Things I Cannot Believe I Have to Say in my Classroom

I say things every day that shock me and make me laugh. A lot of them are from one person. There's always one....She's a sweetie, except going through early puberty, so there are a lot of mood swings (more than the usual). She has autism and is still "in her head" a lot. I am trying to get her in touch with me as much as I can so we can actually accomplish something. She drives me crazy but at the same time, she does so many funny things, and is so loving at times, that I have to just love her. She is nonverbal but finds plenty of ways to let us know what she wants. Plus, she is the loudest kid for being the least verbal! Ha!

Volume 2 coming later, after this week's shenanigans.
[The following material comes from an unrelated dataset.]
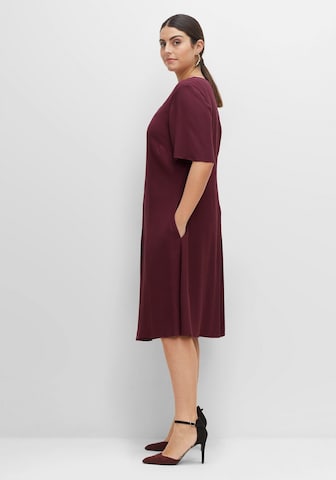 Robe de cocktail SHEEGO en rouge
  • Stop licking the glass!
  • Don't lick me, either!
  • Put your clothes back on!
  • Move along kids, move along. No students in HERE only wearing diapers because they've taken up defiant stripping.
  • Eat that pureed hot dog. (Followed by: OK, you know what? That's gross. I won't make you eat that. At least there were apricots on the menu today and those aren't bad pureed.)
  • TAKE those hands OUT of the urinal! Oh we are so washing our hands.
  • Please remove your nametag/crayon/shirt/alphabet card from your mouth. Here, use your chewy instead.
  • Try not to grope me.
  • Could you please not grab my butt?
  • Knock off the Joker laugh please.
  • Do not giggle and say "that's not me" EVERY SINGLE DAY when we identify names at circle time.
  • Please don't run us over.
  • Fingers out! No fingers should go in ANY....uh...anythings.
  • Hmm. You have Wednesday underwear in your locker as backup. Well, better than nothing, even though it's Friday.